WASHINGTON -- The Secret Service sent three agents home from the Netherlands just before President Obama's arrival after one agent was found inebriated in an Amsterdam hotel, the agency said Tuesday.
The three agents were benched Sunday for "disciplinary reasons," said Secret Service spokesman Ed Donovan, declining to elaborate. Donovan said the incident was prior to Mr. Obama's arrival Monday in the country and did not compromise the president's security in any way.
Sources close to the situation tell CBS News it revolved around excessive drinking in public in Amsterdam. The level of intoxication of the agents is unknown, but all three were implicated. The sources said one of the agents was particularly inebriated.
Still, the incident represents a fresh blemish for an elite agency struggling to rehabilitate its reputation following a high-profile prostitution scandal and other allegations of misconduct. An inspector general's report in December concluded there was no evidence of widespread misconduct, in line with the service's longstanding assertion that it has no tolerance for inappropriate behavior.
The agents sent home from Amsterdam were placed on administrative leave, according to The Washington Post, which first reported the disciplinary action. The newspaper said all three were on the Counter Assault Team, which defends the president if he comes under attack, and that one agent was a "team leader."
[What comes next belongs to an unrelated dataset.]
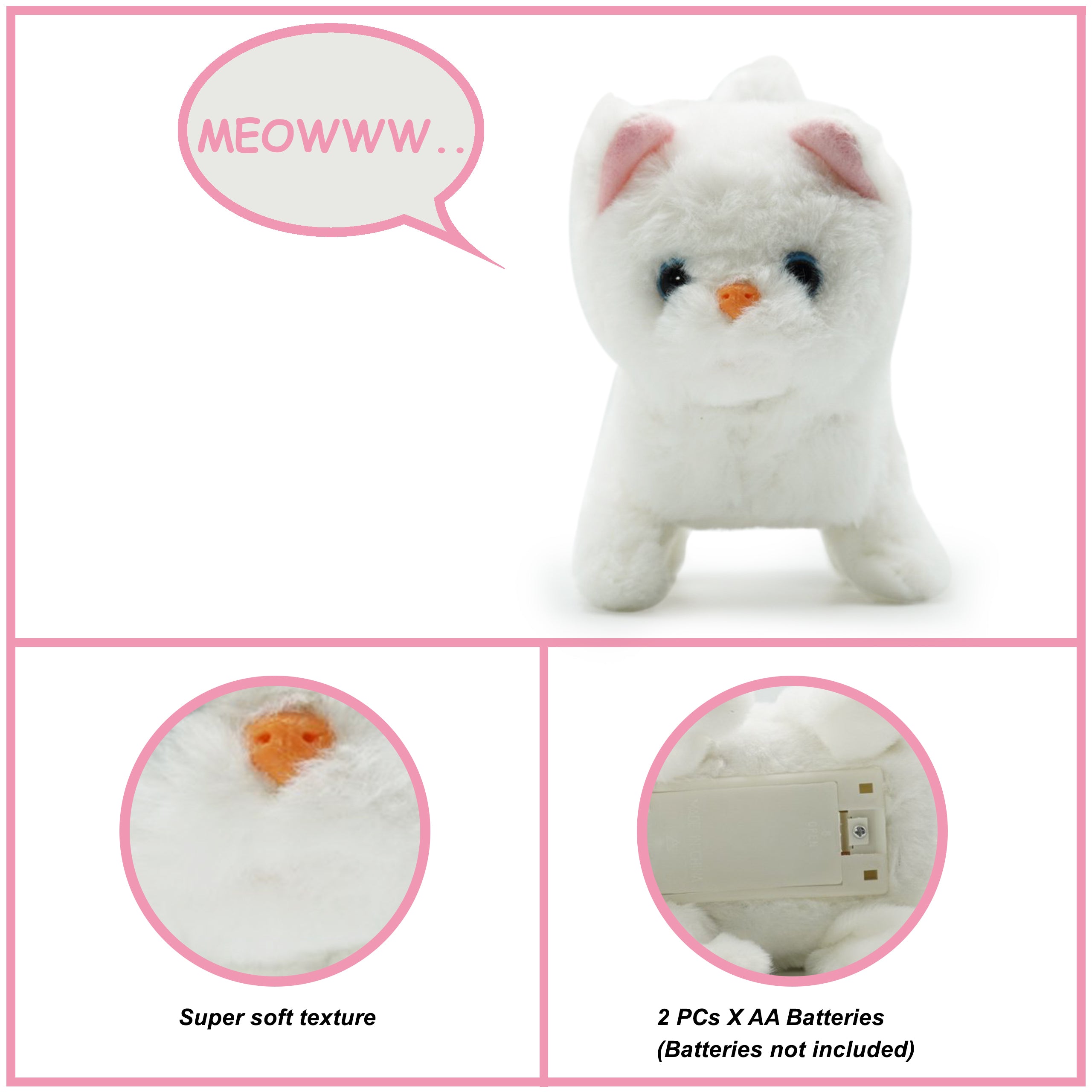 Pugs at Play Casper Walking Cat – Realistic Cat Toy For Kids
One agent was discovered highly intoxicated by staff at a hotel, who reported it to the U.S. Embassy, said a person familiar with the situation, who wasn't authorized to discuss the alleged behavior on the record and demanded anonymity. The other two agents were deemed complicit because they didn't intervene despite being in a position to assist the drunken agent or tamp down his behavior, the person said.
"It wasn't like a big, crazy party," the person said.
Mr. Obama arrived in the Netherlands early Monday on the first leg of a week-long, four-country trip. He departed for Brussels on Tuesday night, and there were no known security issues during his stay in the Netherlands.
Before Mr. Obama travels anywhere abroad, a slew of Secret Service and other government officials are dispatched in advance to prepare the intense security operation needed to protect the president in unfamiliar territory. Typically, counter assault teams travel with the president in his motorcade and if he came under fire, the team would be called upon to engage any attackers while the president was hustled to safety.
Stricter rules implemented in the wake of the prostitution scandal in Colombia bar agents from drinking alcohol within 10 hours of starting a shift. It's unclear whether the other two agents were drinking heavily or what time any of them would have been expected to show up for a shift.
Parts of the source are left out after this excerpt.